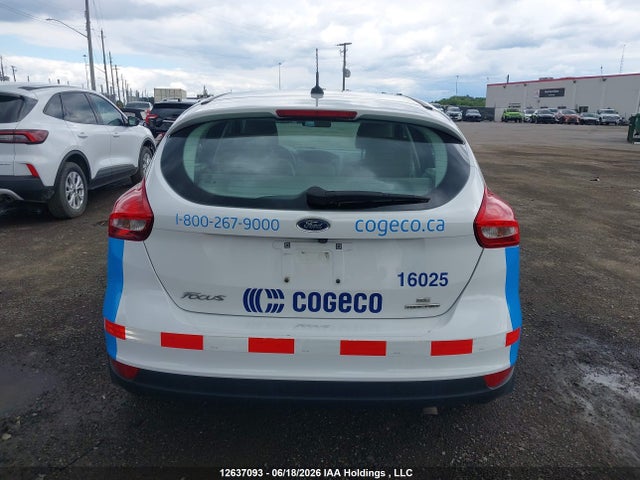 2016 Ford Focus Se მანქანა იყიდება აუქციონზე, vin: 1FADP3K28GL214598, აუქციონის ნომერი: 12637093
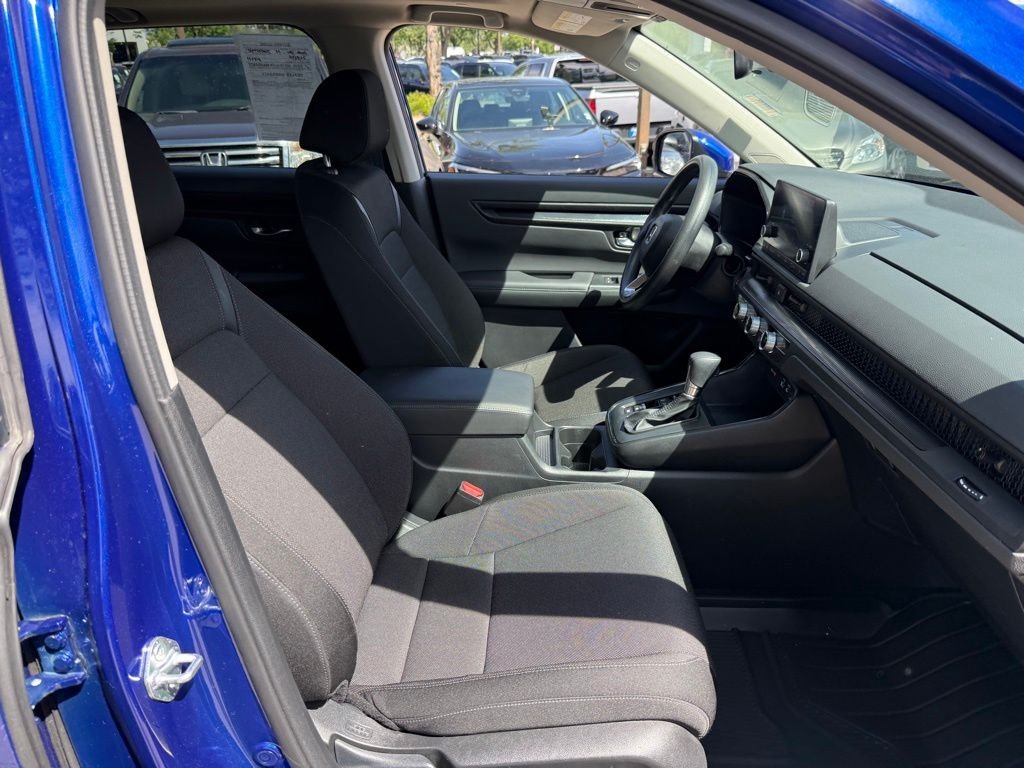 Used 2023  Honda EX image 19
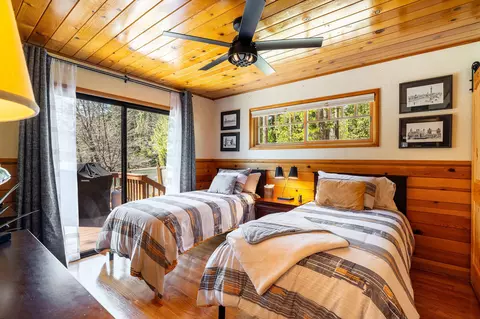 Bedroom - 25445 Palomar Rd, Idyllwild, CA 92549 photo 3 of 7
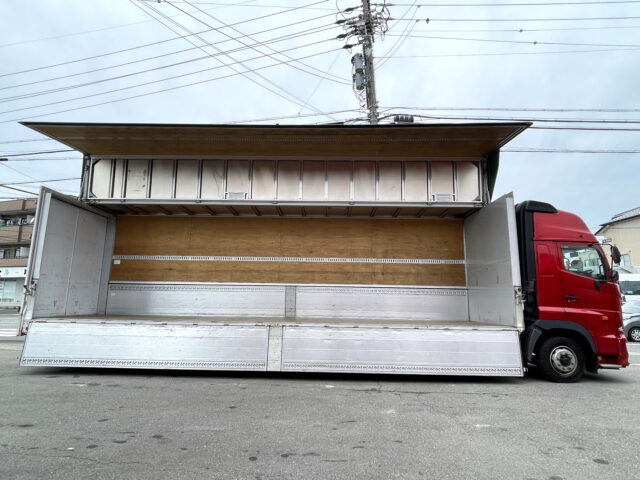 日野　17プロフィア　ハイルーフ　ウィング　7速MT　380馬力　エンジン交換済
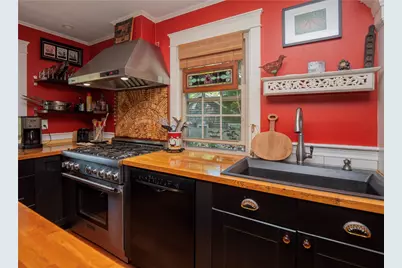 7 Boulevard East Boulevard, Middletown, RI 02842 - Photo 10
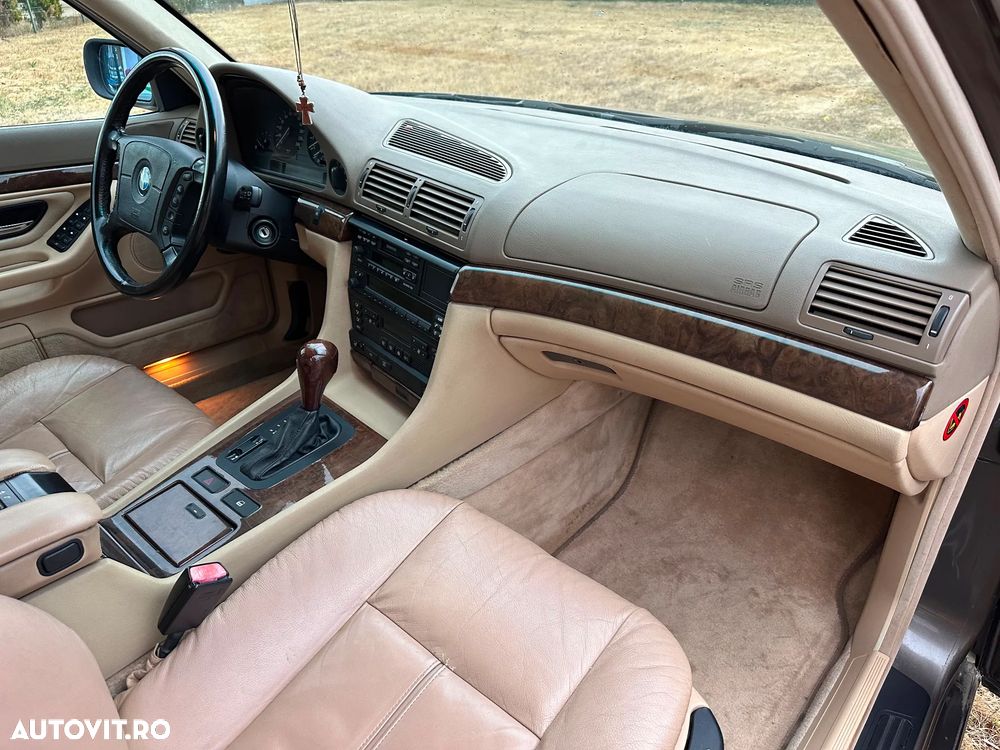 BMW Seria 7 - 17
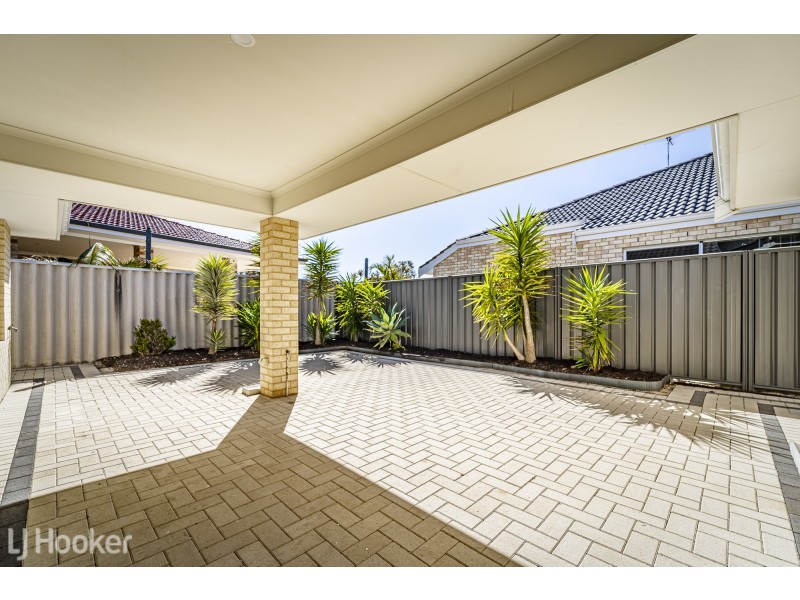 4B Sorelle Way, Port Kennedy WA 6172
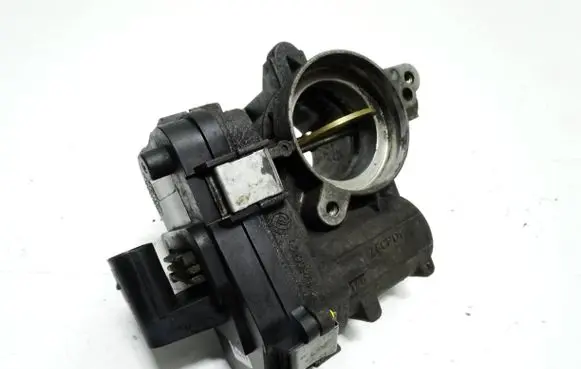 Opel Astra H Throttle body valve 55199974 48CPD1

..........

## What is being asked
Write the data out again exactly, but without its images.

## Solution to this problem
 2016 Ford Focus Se მანქანა იყიდება აუქციონზე, vin: 1FADP3K28GL214598, აუქციონის ნომერი: 12637093
 Used 2023  Honda EX image 19
 Bedroom - 25445 Palomar Rd, Idyllwild, CA 92549 photo 3 of 7
 日野　17プロフィア　ハイルーフ　ウィング　7速MT　380馬力　エンジン交換済
 7 Boulevard East Boulevard, Middletown, RI 02842 - Photo 10
 BMW Seria 7 - 17
 4B Sorelle Way, Port Kennedy WA 6172
 Opel Astra H Throttle body valve 55199974 48CPD1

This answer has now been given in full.